Three decades later, it seems that Dr. Lewontin’s facts were correct, and have been abundantly confirmed by ever better techniques of detecting genetic variety. His reasoning, however, was wrong. His error was an elementary one, but such was the appeal of his argument that it was only a couple of years ago that a Cambridge University statistician, A. W. F. Edwards, put his finger on it.
The error is easily illustrated. If one were asked to judge the ancestry of 100 New Yorkers, one could look at the color of their skin. That would do much to single out the Europeans, but little to distinguish the Senegalese from the Solomon Islanders. The same is true for any other feature of our bodies. The shapes of our eyes, noses and skulls; the color of our eyes and our hair; the heaviness, height and hairiness of our bodies are all, individually, poor guides to ancestry.
But this is not true when the features are taken together. Certain skin colors tend to go with certain kinds of eyes, noses, skulls and bodies. When we glance at a stranger’s face we use those associations to infer what continent, or even what country, he or his ancestors came from – and we usually get it right. To put it more abstractly, human physical variation is correlated; and correlations contain information.

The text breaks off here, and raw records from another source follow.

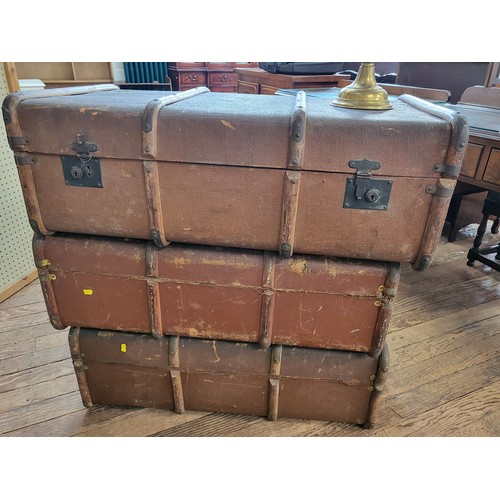 117 - Three vintage brown leather suitcases, (approx. 32cm x 91cm x 56cm each) together with an oil lamp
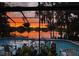 Screened-in pool with sunset view over the lake, creating a relaxing outdoor space at 23059 Geneva Rd, Land O Lakes, FL 34639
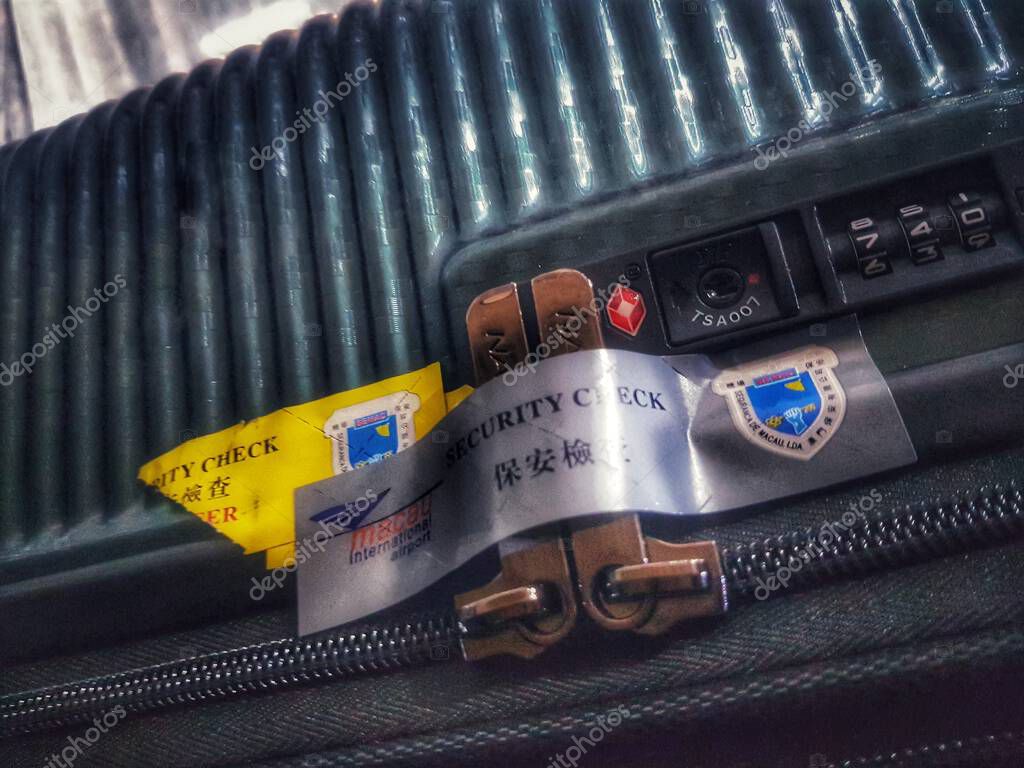 Macau, China on 14 Nov 2024. A textured green suitcase's combination lock and security labels are featured in this close-up shot, evoking a sense of travel and security.
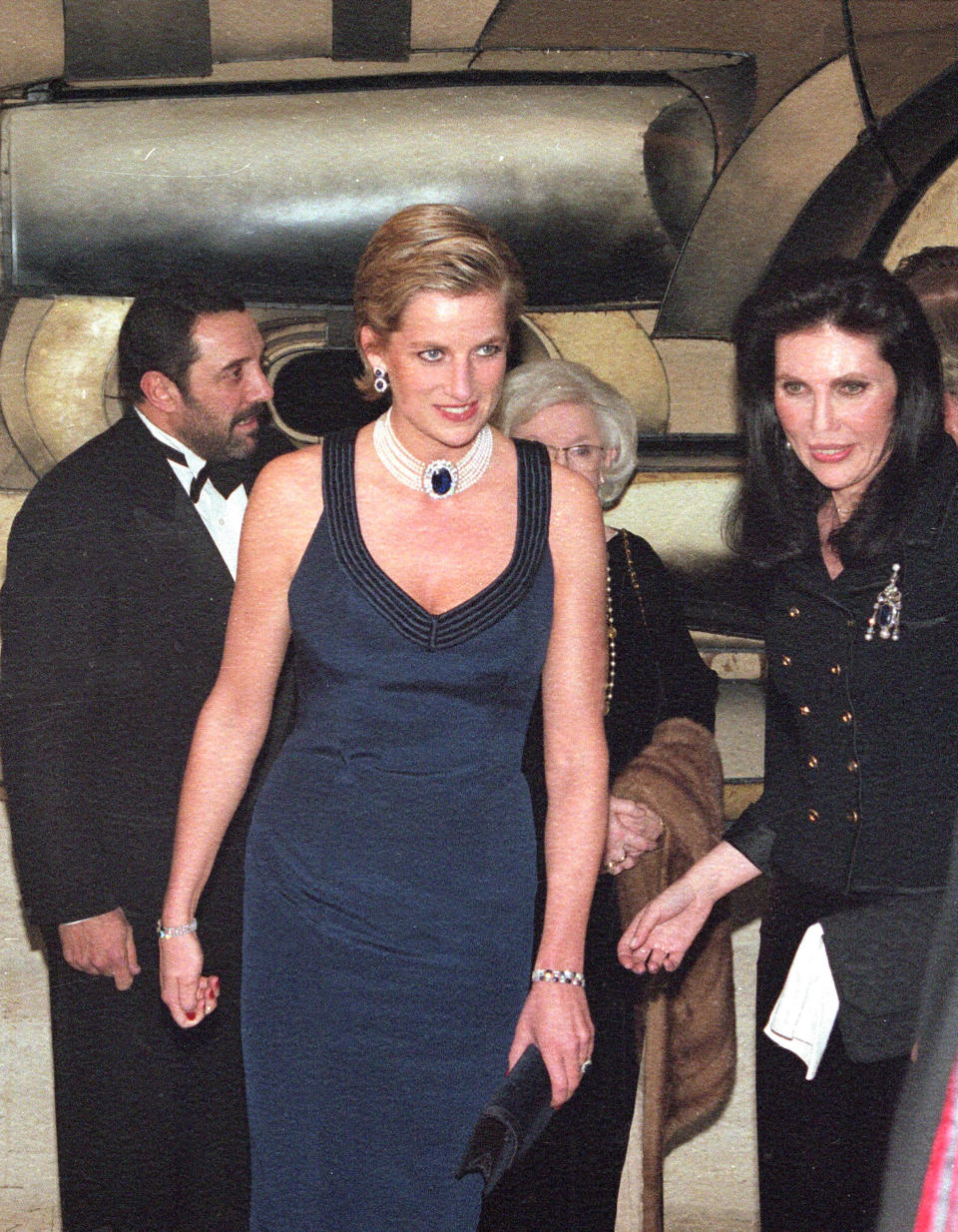 FILE - Princess Diana makes her entrance at the awards gala of the Council of Fashion Designers of America at New York's Lincoln Center, Jan. 30, 1995. (AP Photo/Clark Jones, file)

Genetic variants that aren’t written on our faces, but that can be detected only in the genome, show similar correlations. It is these correlations that Dr. Lewontin seems to have ignored. In essence, he looked at one gene at a time and failed to see races. But if many – a few hundred – variable genes are considered simultaneously, then it is very easy to do so.
But this still fails to prove that races are biological. Calling these populations “races” is a semantic rather than a scientific decision. Wikipedia provides useful context on this front:
Philosophers Jonathan Kaplan and Rasmus Winther have argued that while Edwards’s argument is correct it does not invalidate Lewontin’s original argument, because racial groups being genetically distinct on average does not mean that racial groups are the most basic biological divisions of the world’s population. Nor does it mean that races are not social constructs as is the prevailing view among anthropologists and social scientists, because the particular genetic differences that correspond to races only become salient when racial categories take on social importance. From this sociological perspective, Edwards and Lewontin are therefore both correct.[13][14][15]
Similarly, biological anthropologist Jonathan Marks agrees with Edwards that correlations between geographical areas and genetics obviously exist in human populations, but goes on to note that “What is unclear is what this has to do with ‘race’ as that term has been used through much in the twentieth century – the mere fact that we can find groups to be different and can reliably allot people to them is trivial. Again, the point of the theory of race was to discover large clusters of people that are principally homogeneous within and heterogeneous between, contrasting groups. Lewontin’s analysis shows that such groups do not exist in the human species, and Edwards’ critique does not contradict that interpretation.”[6]